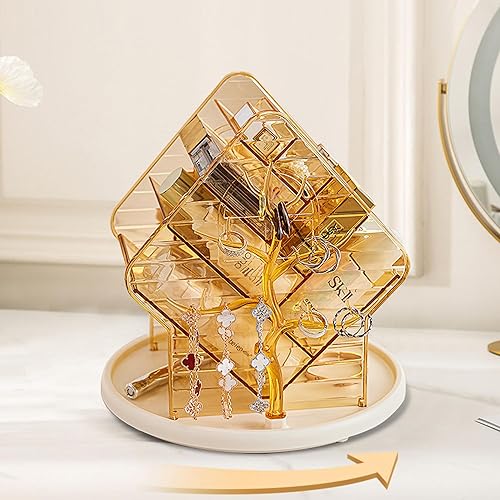 Organizador de maquillaje giratorio de 360, organización de maquillaje y almacenamiento de cuidado de la piel, almacenamiento para cosméticos, lápiz disponible en Yaxa Costa Rica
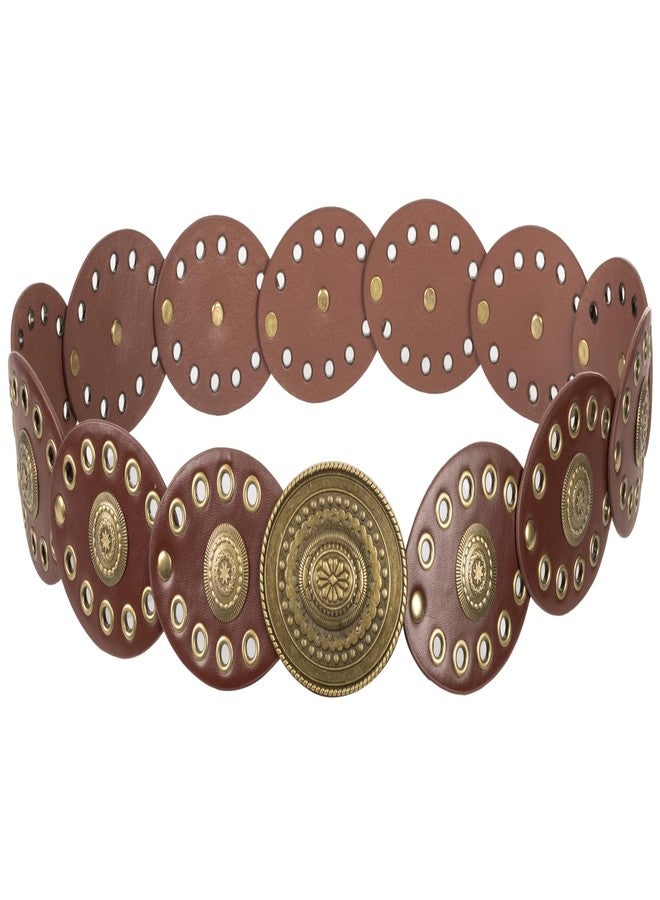 إيوهاك حزام إيوهاك الغربي العريض ذو القرص للنساء، حزام رعاة البقر المجوف، حزام خصر بيضاوي عتيق الطراز بوهيمي مناسب للجينز والفساتين - Image 5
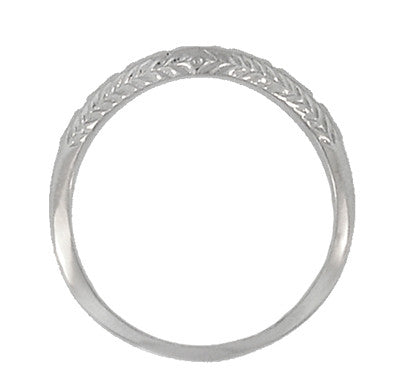Art Deco Olive Leaves and Wheat Engraved Curved Wedding Band in Sterling Silver - Item: WR419SS125 - Image: 2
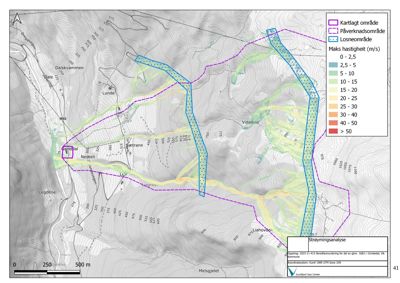 Kart over et område med topografiske linjer, og overlagte data om strømningshastighet og kartlagte områder.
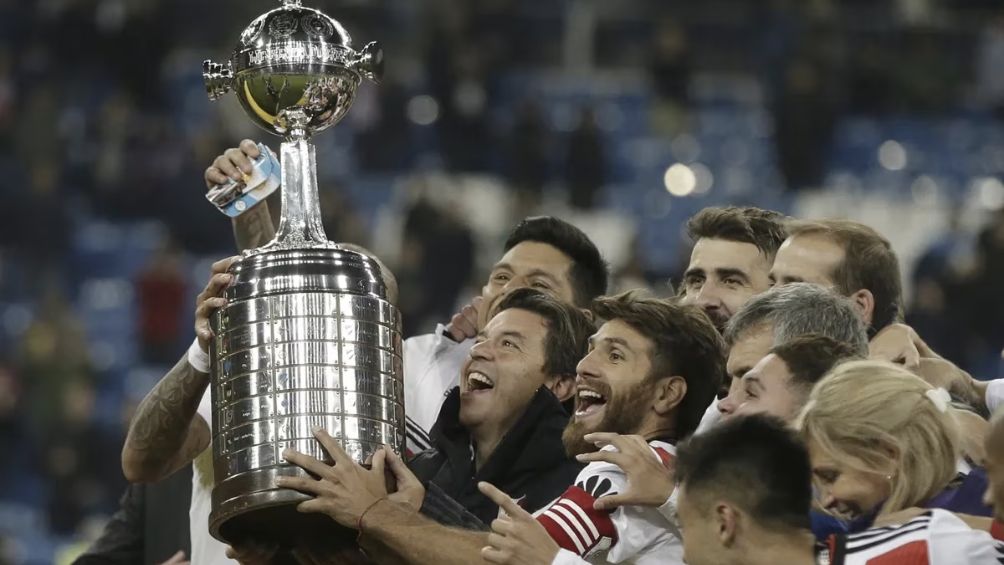 Gallardo celebrando la Copa Libertadores del 2018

* _Activity_: When you repeat the data, keep every line exact and drop the images.

* _Solution_:
 Organizador de maquillaje giratorio de 360, organización de maquillaje y almacenamiento de cuidado de la piel, almacenamiento para cosméticos, lápiz disponible en Yaxa Costa Rica
 إيوهاك حزام إيوهاك الغربي العريض ذو القرص للنساء، حزام رعاة البقر المجوف، حزام خصر بيضاوي عتيق الطراز بوهيمي مناسب للجينز والفساتين - Image 5
Art Deco Olive Leaves and Wheat Engraved Curved Wedding Band in Sterling Silver - Item: WR419SS125 - Image: 2
 Kart over et område med topografiske linjer, og overlagte data om strømningshastighet og kartlagte områder.
 Gallardo celebrando la Copa Libertadores del 2018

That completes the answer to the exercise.